この道は僕らの通学路だった。よく二人で通った道だ。
変わっていない風景だ。もちろん、大きな犬がいた家には、もう犬がいなかったり、小さな空地は舗装された駐車場になったりしていて、時が過ぎたことを感じるけれども、雰囲気は変わっていない。

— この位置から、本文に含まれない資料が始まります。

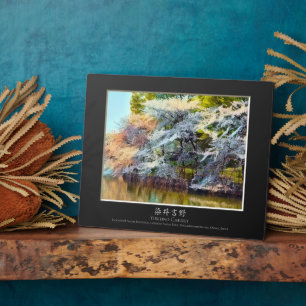 Plaque Photo Yoshino Cherry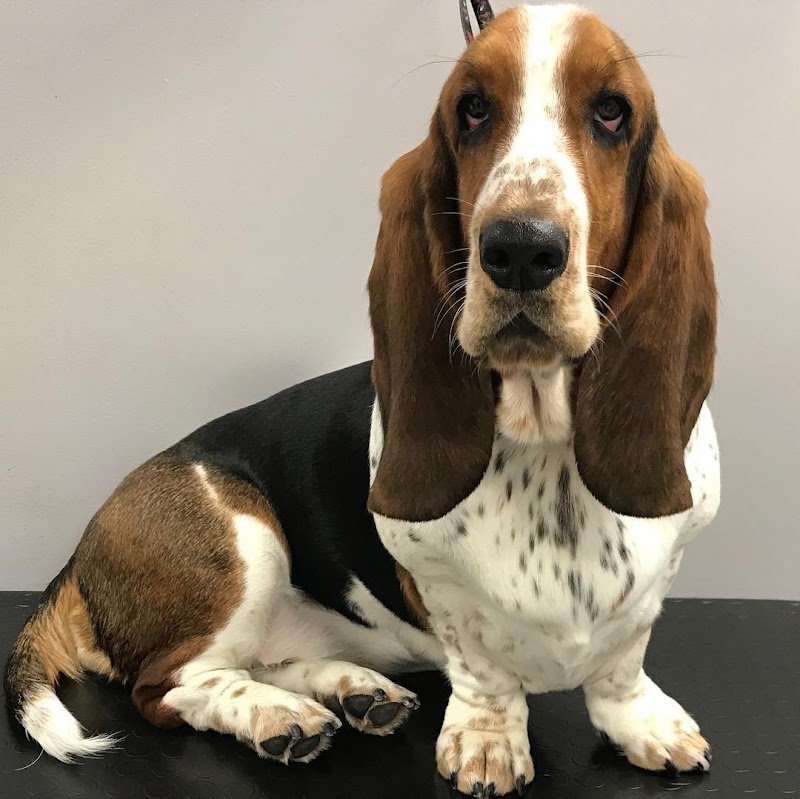 Toelettatura GSR Grooming Studio Revolution - Foto 3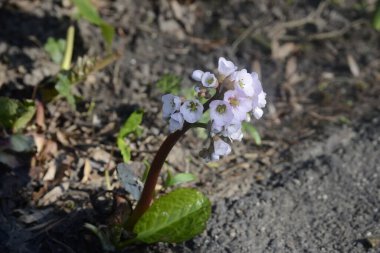 Yaprakları olan çok güzel bir çiçek.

そこに目指した家はなかった。いや、家はある。だけれども僕の知っている家じゃない。新しい綺麗な家だ。
「そりゃ、そうだよな。十二年も経っているんだから」
僕は寂しくなった。どんな人が住んでいるのかとさりげなく家の前を通ってみる。
「あ、あれ? 苗字は一緒?」
表札に書かれた苗字は「雪ちゃん」の苗字だ。
その時だ。「がちゃっ」と玄関が開いて、女性が顔を出した。
「家に何か御用ですか?」
いきなり尋ねられた。不審者とでも思われたのかもしれない。
「あ、あの、違うんです。僕は昔、隣に住んでいて……」
僕の言い訳を遮るように女性が声を上げた。
「あれ!? 聡くん? 聡くんじゃない!? 私、雪だよ!」
その綺麗な女性は「雪ちゃん」だった。
「うわっ!懐かしい! 聡くん、変わってないね」
いきなり手を取られて僕は赤面した。雪ちゃんは変わっていた。想像したよりもずっと綺麗になっていた。
僕は家に招き入れられた。雪ちゃんのお母さんは年を取っていたけれど、綺麗な小母さんのままだ。僕らは昔話で盛り上がった。時が経つのも忘れ、気が付けば夕食をご馳走になっていた。